Un paysan me disait : Si on en vient jamais aux mots, les Anglais ne sont pas blancs.
2 septembre 1831.
Il y a cinq ou six ans, le gouvernement anglais a voulu réunir tout le Canada dans une seule assemblée. C'était la mesure la plus propre à dissoudre entièrement la nation canadienne, aussi tout le Peuple s'est-il réveillé tout à coup et c'est depuis ce temps qu'il connaît sa force.
Plusieurs curés m'ont dit que dans leur commune il n'y avait pas un seul individu partant l'anglais. Eux-mêmes ne l'entendaient point et nous prenaient pour interprètes.
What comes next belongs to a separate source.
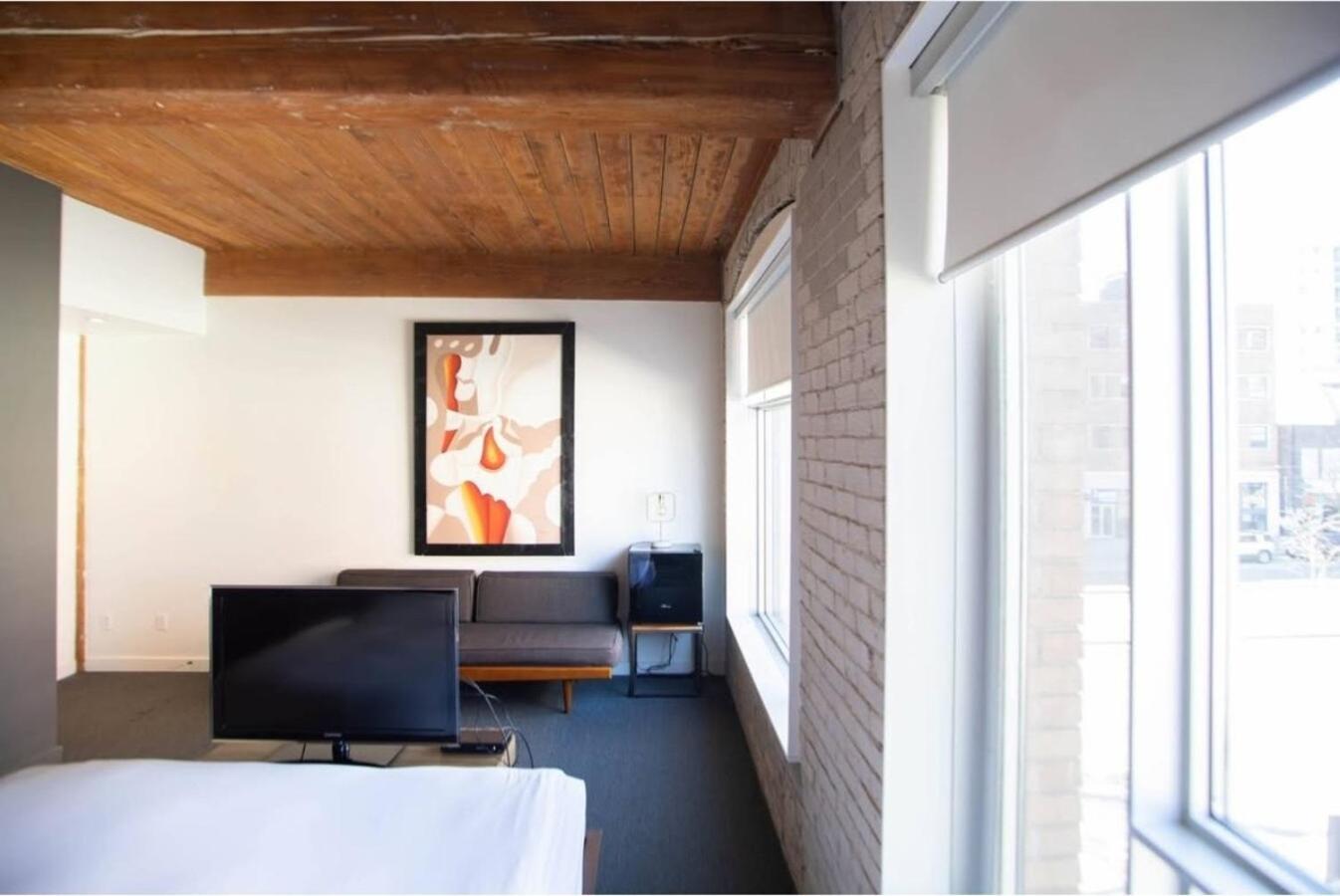Hotel Ocho Торонто Екстер'єр фото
La nomination des officiers de milice appartient au gouvernement, mais la Chambre d'assemblée ayant décidé que pour être officier de milice il fallait résider sur le lieu de son commandement, le résultat a été de mettre la direction de la force armée presque exclusivement dans les mains des Canadiens.
Un Canadien me disait aujourd'hui que dans la Chambre d'assemblée les discussions étaient vives, emportées, et que souvent on prenait des résolutions précipitées dont on se repentait quand la tête était refroidie. Ne croirait-on pas entendre parler d'une Chambre française ?
***
[Vers le sud]
À M. l'abbé Lesueur [L'abbé Lesueur avait été le précepteur du jeune Alexis de Tocqueville et de ses frères. Voir
Nouvelle correspondance entièrement inédite, p. 54
et suivantes.]
Albany, 7 septembre 1831.
Jugez du plaisir que j'ai éprouvé en arrivant ici, mon bon ami, lorsque j'ai trouvé un paquet de lettres contenant la correspondance du 20 et du 30 juin. J'étais extrêmement inquiet des affaires publiques et de vous. Les lettres m'ont appris, en effet, que vous aviez été très-souffrant et que vous l'étiez encore un peu au départ du courrier. Je grille maintenant de lire les lettres du 10 et du 20 juillet. Je sais qu'elles sont en Amérique. Mais on me les a envoyées à Boston, où nous serons dans deux jours. Ce n'est qu'arrivé là que je pourrai avoir les bulletins ultérieurs de votre santé.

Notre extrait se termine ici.